Sprezzatura, Tiepolo et plus

D 25 janvier 2023     A par Viktor Kirtov - C 3 messages Version imprimable de cet article Version imprimable    ................... PARTAGER . facebook


Sur Pileface, nous avons croisé plusieurs fois Jean-Hugues Larché dans quelques unes de ses aventures littéraires, artistiques et musicales parmi lesquelles :

- Sa production d’un double CD d’entretiens avec Sollers : Déroulement du Dao .

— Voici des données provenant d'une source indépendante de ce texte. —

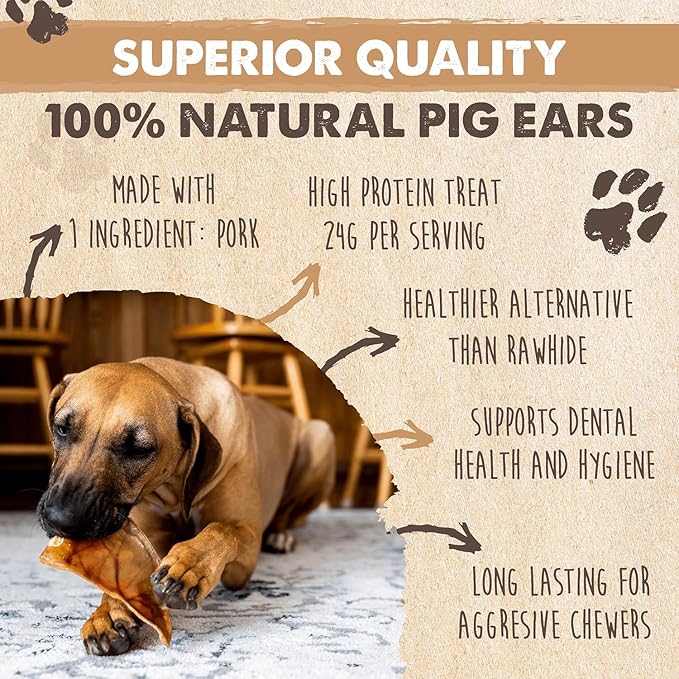 Mighty Paw Half Pig Ears for Dogs - All Natural Single Ingredient Natural Dog Ear Treat - Better Than Rawhide Snacks for Puppies - A Better Treat Dog Bone Alternative for Medium and Large Dogs
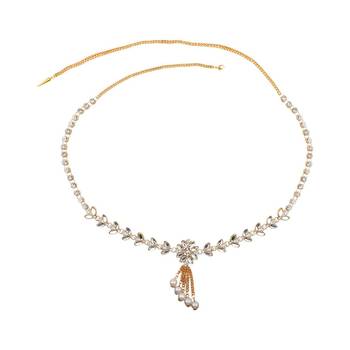 Statement Gold Plated White Stone Studded Floral Design Kamarbandh or Waist Belt for Girls and Women. 2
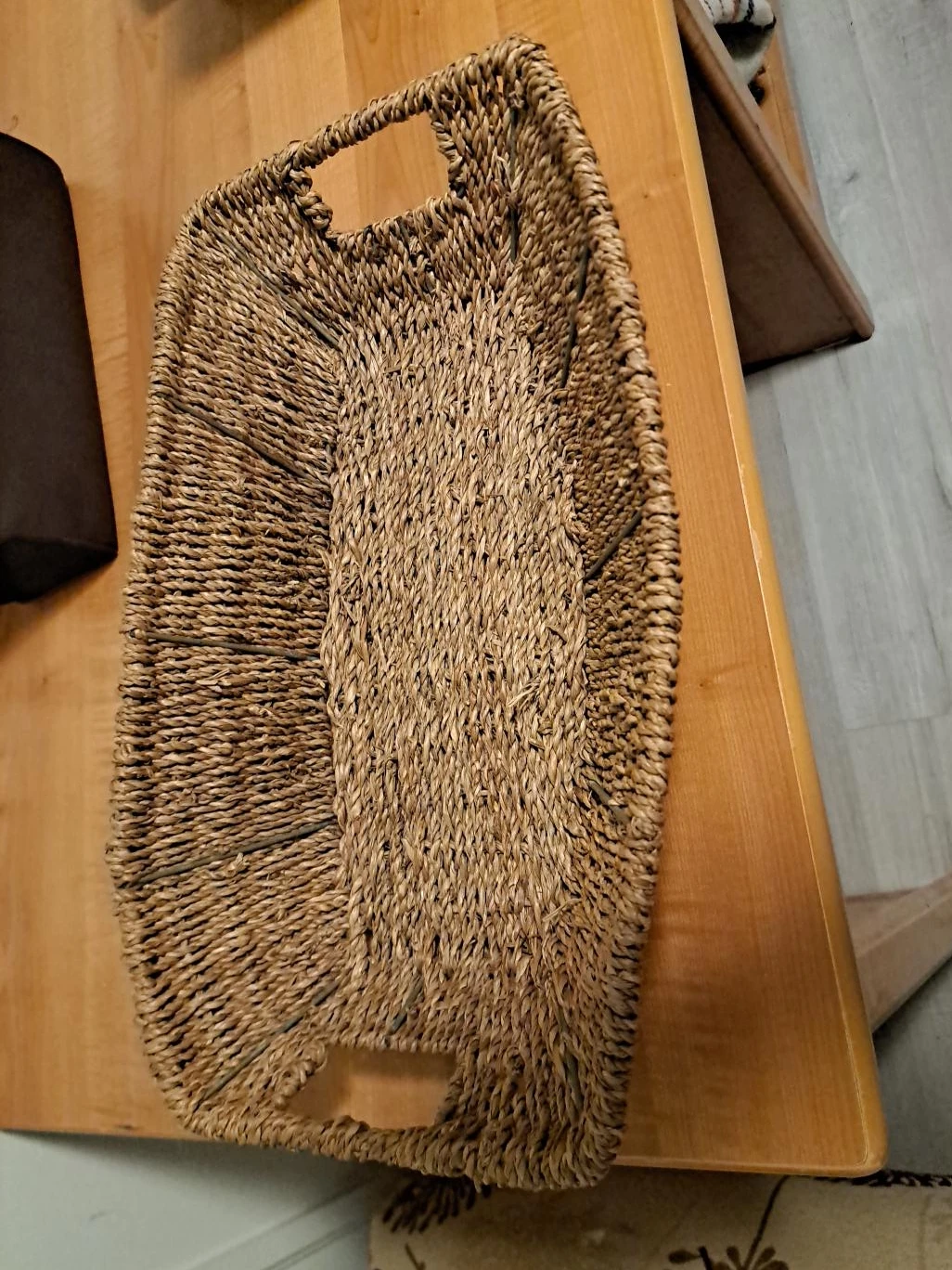 Woven Hyacinth Rectangular Basket with Handles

- Une collection de DVD documentaires sur quelques penseurs de la Bibliothèque universelle, incluant notamment Nietzsche miracle français par Philippe Sollers. A cet auteur il a aussi dédié un texte Sollers l’éveillé , extrait d’un Dionysos à la lettre , prétexte à présenter son panthéon incluant Fragonard, Picasso et Rodin érotiques… et bien d’autres.

- Son implication dans l’aventure de la revue de haut vol Sprezzatura . Dionysos n’était pas loin dans les bars parisiens qui accueillaient le groupe lors de la gestation de la revue.

- Côté peinture, citons aussi De Kooning : Le rire de De Kooning puis La dernière De Kooning : Woman, Sag Harbor – 1964

- Sans oublier ses Déambulations avec Delphine de Lectothèque , entre mille autres choses.

« Léger et exigeant, Jean-Hugues Larché nous entraîne dans l’art de dériver entre les lignes de son univers littéraire ».
Delphine de Lectothèque
Aujourd’hui, Jean-Hugues Larché nous convie à une autre aventure artistico-musicale avec Venise en point d’orgue, qu’il a intitulée « Quintet pour Venise », à paraître le 3 mars chez « serge safran éditeur »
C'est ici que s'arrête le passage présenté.